(Input data)

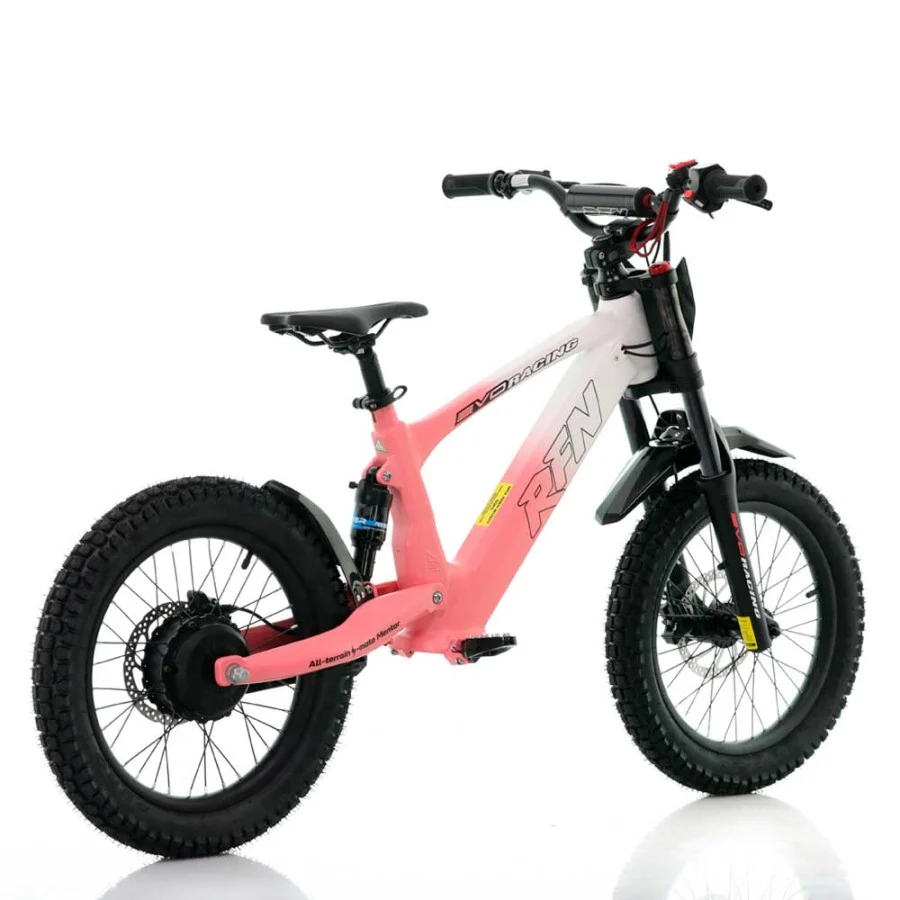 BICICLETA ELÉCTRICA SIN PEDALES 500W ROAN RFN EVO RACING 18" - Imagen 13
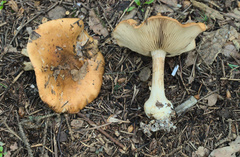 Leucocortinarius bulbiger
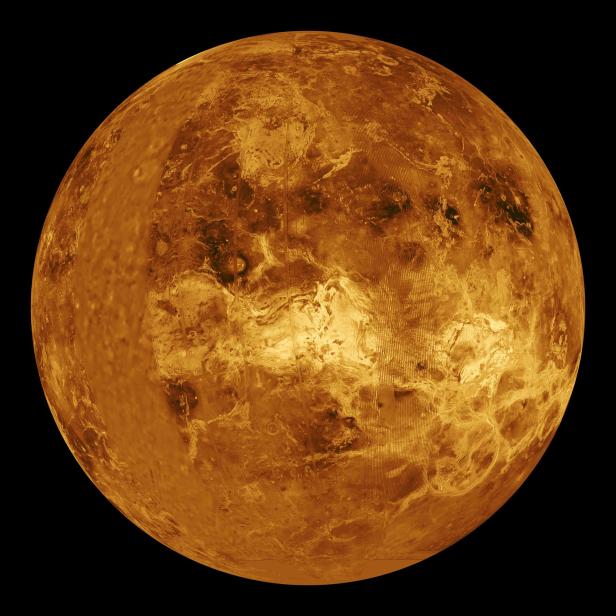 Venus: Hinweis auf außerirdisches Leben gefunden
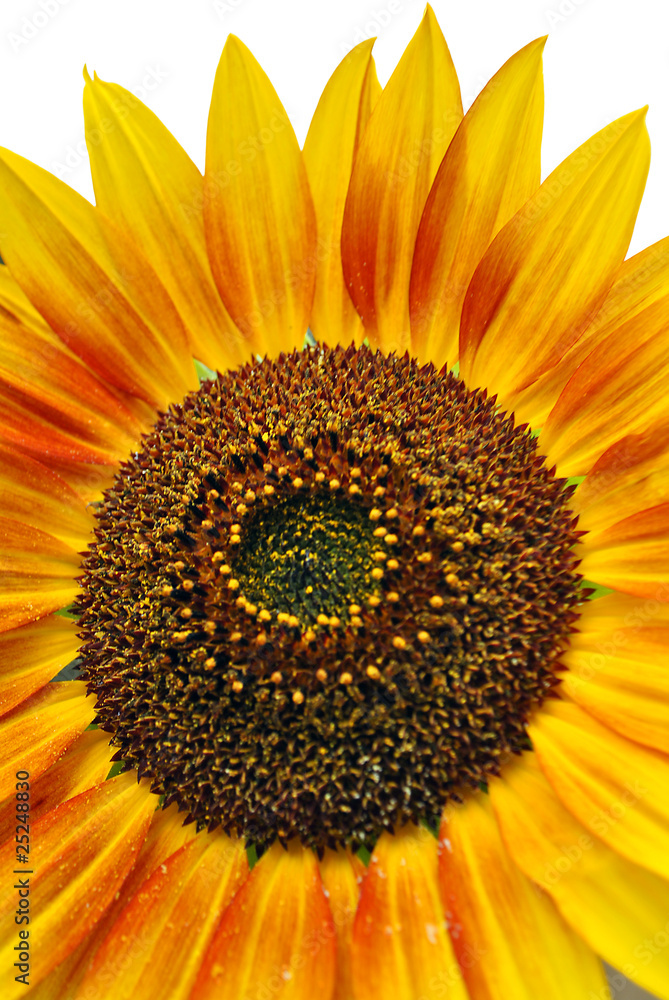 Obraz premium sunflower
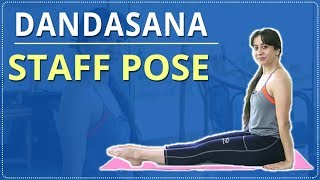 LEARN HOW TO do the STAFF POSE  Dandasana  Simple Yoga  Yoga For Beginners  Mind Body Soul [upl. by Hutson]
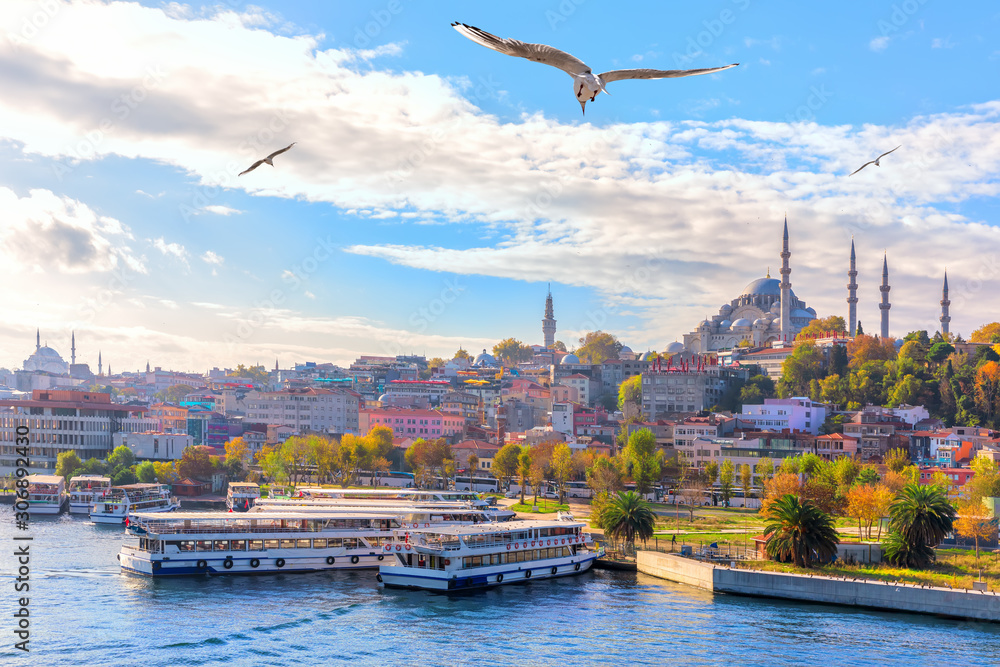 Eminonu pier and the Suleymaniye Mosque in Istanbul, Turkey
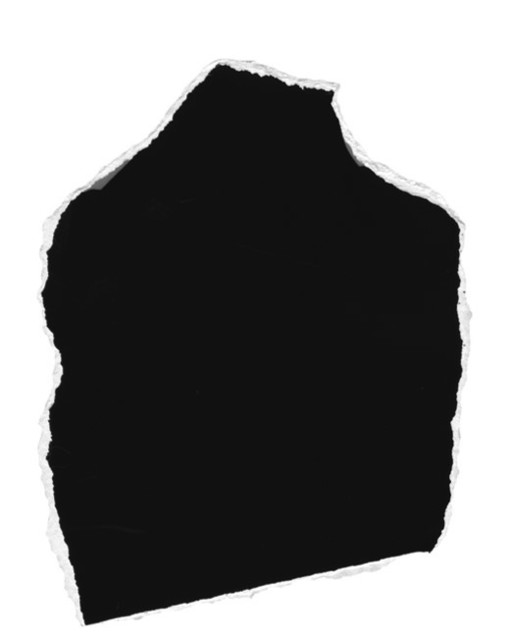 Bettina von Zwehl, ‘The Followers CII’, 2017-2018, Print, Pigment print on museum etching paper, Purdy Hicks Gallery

(End Input data)

## Problem statement
Locate "Leucocortinarius bulbiger" in the entries above. Copy, exactly and only, the lines from that line to the end, leaving out the pictures.

## Solution below
 Leucocortinarius bulbiger
 Venus: Hinweis auf außerirdisches Leben gefunden
 Obraz premium sunflower
 LEARN HOW TO do the STAFF POSE  Dandasana  Simple Yoga  Yoga For Beginners  Mind Body Soul [upl. by Hutson]
 Eminonu pier and the Suleymaniye Mosque in Istanbul, Turkey
 Bettina von Zwehl, ‘The Followers CII’, 2017-2018, Print, Pigment print on museum etching paper, Purdy Hicks Gallery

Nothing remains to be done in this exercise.